■ Material for this task:
━━━━━━━━━━

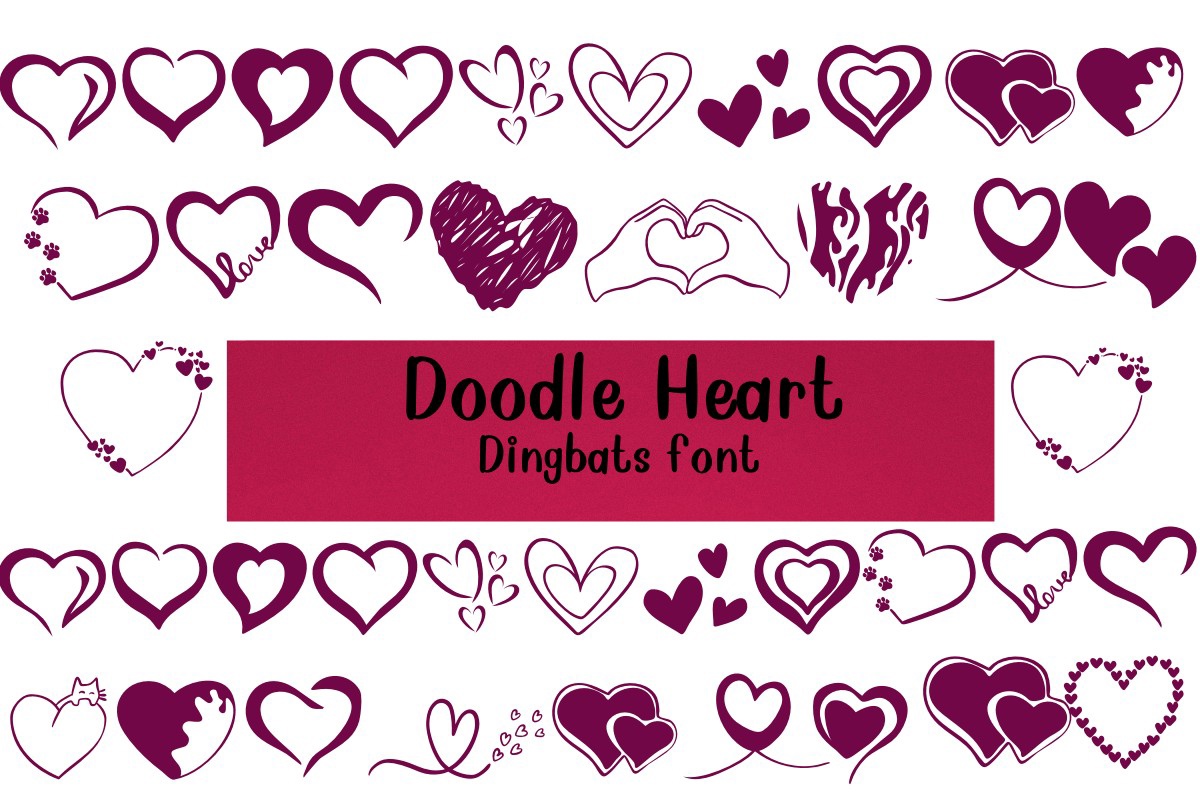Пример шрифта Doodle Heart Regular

━━━━━━━━━━

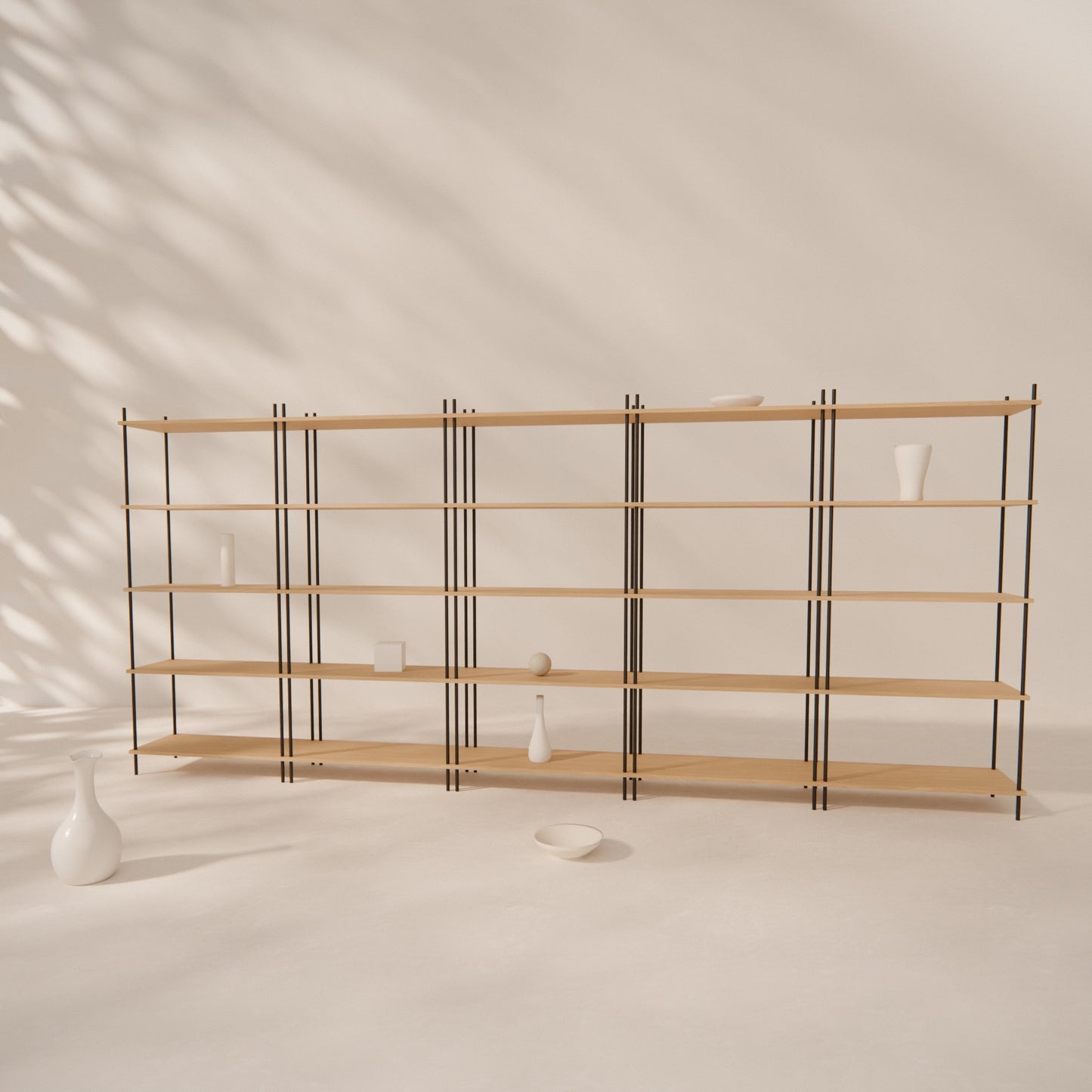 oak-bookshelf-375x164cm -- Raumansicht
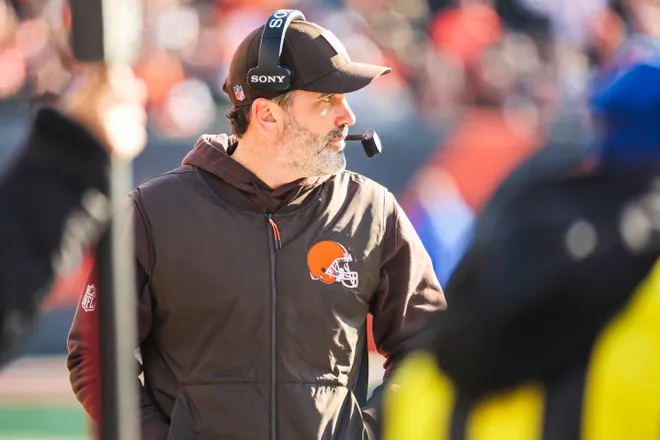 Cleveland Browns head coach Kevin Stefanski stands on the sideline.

━━━━━━━━━━

Within the data above, repeat exactly the lines from the one bearing "oak-bookshelf-375x164cm -- Raumansicht" through the one bearing "Cleveland Browns head". Include no pictures and nothing else.

 oak-bookshelf-375x164cm -- Raumansicht
 Cleveland Browns head coach Kevin Stefanski stands on the sideline.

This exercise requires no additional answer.